# [PROBLEM TO SOLVE]
Reproduce word for word, from the entries below, the line with "For the new", the line with "So that's the", and every line between them, and nothing more.

# [TASK MATERIAL]
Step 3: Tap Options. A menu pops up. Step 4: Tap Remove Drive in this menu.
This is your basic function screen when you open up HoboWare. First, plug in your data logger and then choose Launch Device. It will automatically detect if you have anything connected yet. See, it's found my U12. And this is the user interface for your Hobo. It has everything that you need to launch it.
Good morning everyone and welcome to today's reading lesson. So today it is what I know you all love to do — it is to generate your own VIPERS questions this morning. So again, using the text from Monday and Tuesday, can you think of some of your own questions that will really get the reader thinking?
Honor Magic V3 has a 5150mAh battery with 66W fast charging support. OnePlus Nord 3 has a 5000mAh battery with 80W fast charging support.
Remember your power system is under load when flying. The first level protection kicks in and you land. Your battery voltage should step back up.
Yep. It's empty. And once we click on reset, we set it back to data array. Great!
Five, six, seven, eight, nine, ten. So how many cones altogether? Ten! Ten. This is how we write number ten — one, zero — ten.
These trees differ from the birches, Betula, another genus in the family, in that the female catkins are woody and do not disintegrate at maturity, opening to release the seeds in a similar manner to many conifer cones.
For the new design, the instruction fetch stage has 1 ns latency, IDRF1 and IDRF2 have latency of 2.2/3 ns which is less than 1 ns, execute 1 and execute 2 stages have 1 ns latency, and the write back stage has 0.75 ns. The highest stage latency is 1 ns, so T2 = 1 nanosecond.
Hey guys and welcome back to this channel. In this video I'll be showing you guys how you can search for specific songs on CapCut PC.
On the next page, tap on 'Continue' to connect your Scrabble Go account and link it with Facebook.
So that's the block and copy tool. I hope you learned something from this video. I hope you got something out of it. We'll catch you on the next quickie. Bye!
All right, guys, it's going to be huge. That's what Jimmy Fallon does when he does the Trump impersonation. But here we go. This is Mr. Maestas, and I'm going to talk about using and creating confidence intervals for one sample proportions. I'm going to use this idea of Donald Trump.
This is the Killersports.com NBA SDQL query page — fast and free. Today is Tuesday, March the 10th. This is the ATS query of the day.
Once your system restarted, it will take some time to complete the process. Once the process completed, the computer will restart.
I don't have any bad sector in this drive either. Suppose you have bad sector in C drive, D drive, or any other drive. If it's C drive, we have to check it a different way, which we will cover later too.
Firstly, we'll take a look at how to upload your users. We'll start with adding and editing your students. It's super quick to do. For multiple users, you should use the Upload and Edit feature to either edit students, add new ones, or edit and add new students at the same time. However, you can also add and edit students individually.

# [ANSWER SPACE]
For the new design, the instruction fetch stage has 1 ns latency, IDRF1 and IDRF2 have latency of 2.2/3 ns which is less than 1 ns, execute 1 and execute 2 stages have 1 ns latency, and the write back stage has 0.75 ns. The highest stage latency is 1 ns, so T2 = 1 nanosecond.
Hey guys and welcome back to this channel. In this video I'll be showing you guys how you can search for specific songs on CapCut PC.
On the next page, tap on 'Continue' to connect your Scrabble Go account and link it with Facebook.
So that's the block and copy tool. I hope you learned something from this video. I hope you got something out of it. We'll catch you on the next quickie. Bye!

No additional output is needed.